Pratiquée depuis des siècles, la « sélection empirique » , c’est-à-dire par l’éleveur, est à l’origine de races rustiques, adaptées à la marche et aux différents territoires que parcourent les troupeaux , mais aussi à la production attendue (lait, laine, viande). S’y ajoutent souvent des critères esthétiques (couleur, présence et forme des cornes…) partagés par une communauté pastorale : une recherche identitaire du « bel animal », dont le nom fait souvent référence à la région ou à l’appellation du groupe ou de la tribu (Ben Hounet, Brisebarre et Guinand, 2016).
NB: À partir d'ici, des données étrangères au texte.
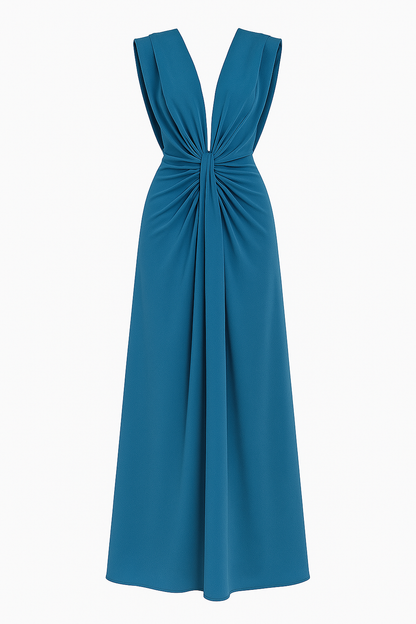 Lola™ | Elegant Plisserad Klänning – Tidlös Stil & Finess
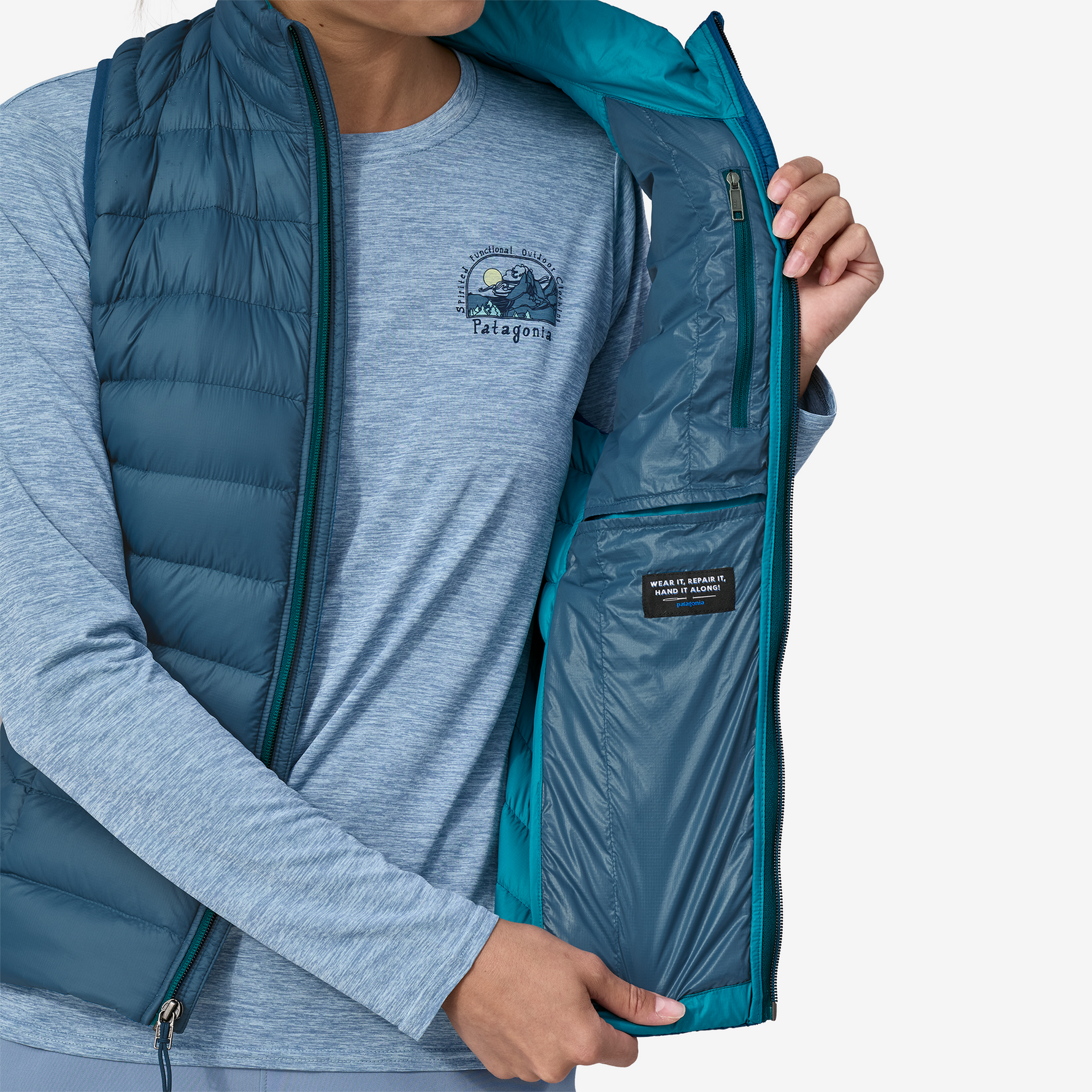 Women's Down Sweater™ Vest - Patagonia New Zealand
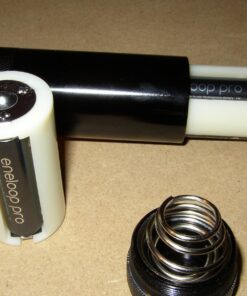 Maglite ML300L LED 3-Cell D Flashlight, Black 3-d Cell 44 716HgRuO7DL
Les menaces sur la transhumance
Si les troupeaux sont la propriété des éleveurs, dans l’ensemble du bassin méditerranéen les pâturages de transhumance sont souvent des « biens communs », appropriés par un village, une tribu ou une fraction de tribu. La gouvernance de ces parcours collectifs est régie par le doit coutumier qui en fixe les dates d’ouverture et de fermeture dans un souci de renouvellement des ressources en herbe et d’égalité entre les grands et les petits éleveurs. C’est le cas, par exemple, du téligato en Grèce (Koutsou, Ragkos et Karatassiou, 2019) et de l’agdal marocain (Mahdi et Domínguez, 2009). L’accès à ces parcours est souvent accompagné de rituels pour la protection des troupeaux et des bergers, et de fêtes rythmées par la musique des sonnailles.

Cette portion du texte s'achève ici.